Chuck Klosterman wrote a great piece in Esquire a year or so ago entitled, “” (  The basic premise was that Hannah Montana was so appealing to teenagers because she personified the web’s ability to give any average teenager an alternate identity. His comical example is that if you wished to be a stoner kite enthusiast, all you need to do is create a profile called something like kiteenthusiast420 and bam, you can be taken as a kite-flyin’, reefer tokin’ cat. His actual example was about a 14-year-old high school student who created an alternate gothic-sexpot identity via Myspace.

I see the same dichotomy of the self taking place here, especially in Miriam. Luther, and Miriam, too, are obvious and admitted technophiles. (For the record, Miriam’s over-indulgence of screen time making her RSI-positive?? RSI=Relative Strength Index, which indicates the relative strength or weakness of a financial market.) And when Miriam comes up missing one morning, Luther’s hypnotic cyber-adventure seems to become a montage of him not being himself, but watching another version of himself. Identities are easily shifted and alienate throughout Miriam, as she herself can easily disguise her face through hooded sweatshirt and fake beard, which Luther does not initially notice in Sam’s basement.
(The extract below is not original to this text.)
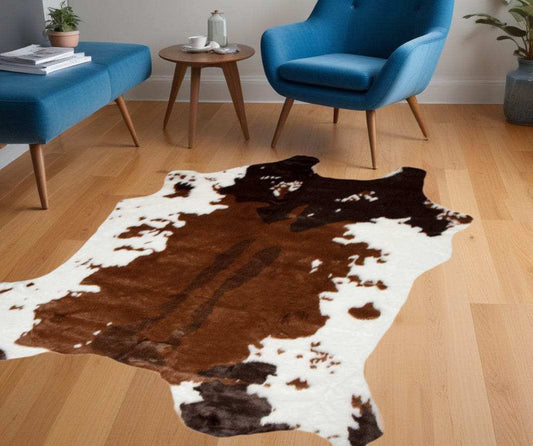 4' X 5' Faux Cow Hide Brown And White Area Rug - Homeroots - Flyclothing LLC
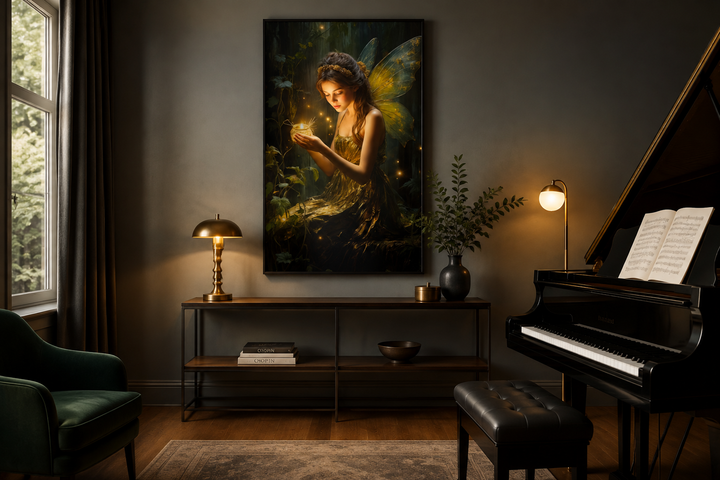 Framed vertical canvas art of a forest fairy with fireflies in a dark, moody living room setting.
We must ask ourselves, why did Luther disparage so much when Miriam first turned up missing? Why did he assume immediately that she was either dead or sleeping with someone else. There must be some kind of sign there that signals that something must be very wrong on this particular “day,” when Luther awakens and turns over to find that the space where Miriam slept was “just a space.” Alas, can a 30×2 cm box possibly contain more than just a space? As Luther cries desperately, “I need to see you!” (key word there is “see”), it would seem that it is just a space, but his daytrip to find his lost lady yields that it might not necessarily be a vacuum but an alternate state and identity altogether.

The alienation felt in Floppy is much more violent and mysterious from our unknown friend. While he seems awfully humanistic in his urge to aid the battered woman, what’s really hindering him from doing so? In the end he goes returns to the computer time after time…but, still, he is typing down these feelings and pleas, but who is the one talking? The physical man who takes up space or the computer doppelganger?

-Steven Whisler

Our mysterious friend in Floppy expresses a similar apathy regarding the battered woman in the apartment next door. Though he claims he desperately wants to help her, we are left wondering why he simply doesn’t do so, despite her painful pleas. Instead he prefers to fall into a catatonic state, distancing himself from any human interaction.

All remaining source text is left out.